Con la definitiva derrota de la aristocracia en 1848 comienzan a llegar las instancias del romanticismo alemán, las mismas que Berlioz estaba ya comenzando a interiorizar a su manera (enlace a Berlioz: https://musicaenmexico.com.mx/historia/berlioz-compromiso-fantastico/): un nuevo nacionalismo, el intimismo burgués de Schumann y Brahms, el misticismo de Wagner y Liszt entran en el mundo musical encontrando en el teatro musical ese espacio que en Alemania habían encontrado en el mundo instrumental, sinfónico y camerístico. El teatro francés se fragmenta: después del experimento breve e intenso del grand-opéra, la riqueza de posibilidades musicales y dramatúrgicas que la tradición teatral barroca ofrece, junto a la densidad y la profundidad del romanticismo francés, generan, de manera directa o en oposición, formas nuevas y muy distintas entre ellas.

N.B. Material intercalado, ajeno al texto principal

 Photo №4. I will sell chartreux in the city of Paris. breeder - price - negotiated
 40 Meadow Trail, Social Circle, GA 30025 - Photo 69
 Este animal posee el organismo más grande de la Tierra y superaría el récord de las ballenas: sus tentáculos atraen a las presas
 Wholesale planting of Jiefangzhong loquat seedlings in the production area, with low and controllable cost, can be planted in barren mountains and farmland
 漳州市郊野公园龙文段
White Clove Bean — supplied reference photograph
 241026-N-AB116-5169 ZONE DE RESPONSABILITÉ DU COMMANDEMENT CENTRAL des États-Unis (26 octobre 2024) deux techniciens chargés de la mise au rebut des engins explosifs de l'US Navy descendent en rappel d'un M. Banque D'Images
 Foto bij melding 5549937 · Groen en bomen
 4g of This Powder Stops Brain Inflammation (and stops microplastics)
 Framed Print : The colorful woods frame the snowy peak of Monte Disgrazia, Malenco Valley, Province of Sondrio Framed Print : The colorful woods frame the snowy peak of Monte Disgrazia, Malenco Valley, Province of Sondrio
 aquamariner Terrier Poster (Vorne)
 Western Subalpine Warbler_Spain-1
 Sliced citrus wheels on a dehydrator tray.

Opéra-comique, opéra-lyrique.
El ideal romántico encuentra su primera y más clara expresión en el opéra-comique. Caracterizada por la presencia de diálogos hablados, la opéra-comique se define en los años que transcurren entre los siglos XVIII y XIX con André Grétry, François-Adrien Boieldieu, Daniel Auber e Adolphe-Charles Adam. Sin embargo, a partir de 1850 toma un camino nuevo dando finalmente espacio a una profundidad psicológica y sentimental que la escena francesa, por lo menos la oficial, siempre había rechazado. La máxima representante de este género fue y sigue siendo la Carmen de Bizet (1875), joya capaz de brillar con su propia luz en a riqueza artística del siglo XIX. (Carmen)

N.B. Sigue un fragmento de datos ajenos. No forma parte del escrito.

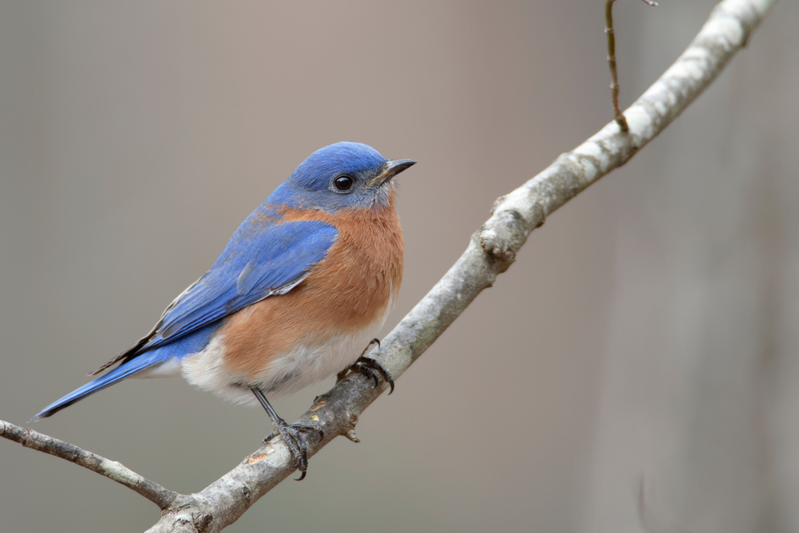 eastern bluebird perched on tree branch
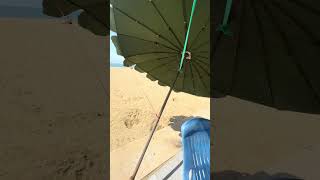 Beach Chair and Umbrella shorts [upl. by Owen]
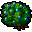 blueberry bush
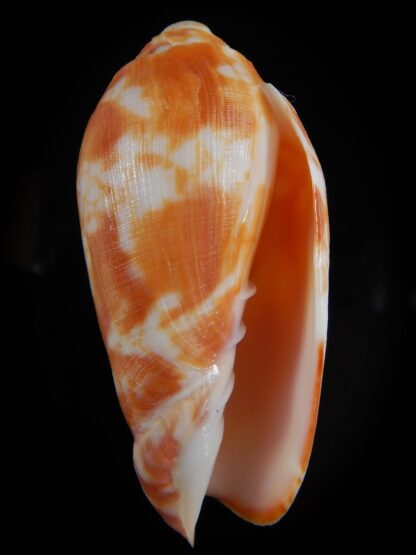 Volutoconus coniformis 71,10 mm Gem-60068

Muy parecida a la opéra-comique por su tono íntimo y psicológico, la opéra-lyrique se aleja de esta eliminando los diálogos, buscando una estética más dramática e intensa y, al mismo tiempo, recuperando la complejidad y majestuosidad escénica del grand-opéra. Un maravilloso compromiso entre distintas formas culturales que da a la luz obras maestras como Mignon de Thomas (1866) y Faust de Gounod (1859), ambas basadas en textos de Goethe.
La opereta de Offenbach.
Este mundo de seriedad y sentimentalismo psicológico genera, por contraste, reacciones de crítica e ironía que recriminan su retórica ingenua, hipócrita y vacía, profundamente burguesa. La reacción más célebre es, probablemente, uno de los fenómenos más geniales, complejos e inagotables de todo el teatro musical de estos años: la opereta, un género que el genio acrobático de Jaques Offenbach (1819-1880) transforma en una forma teatral de infinita y ligera belleza. Offenbach mira a Wagner, a Brahms, a Bellini, a Mozart, sobre todo a Gounod, Bizet y al teatro parisino de esos años burlándose de ellos entre juegos de sabor rossiniano y parodias urbanas irresistibles: un teatro genial, pop, que mira, observa y deconstruye su tiempo revelando por primera vez esas fracturas e incongruencias que el trauma del siglo XX desaparecerá de manera definitiva.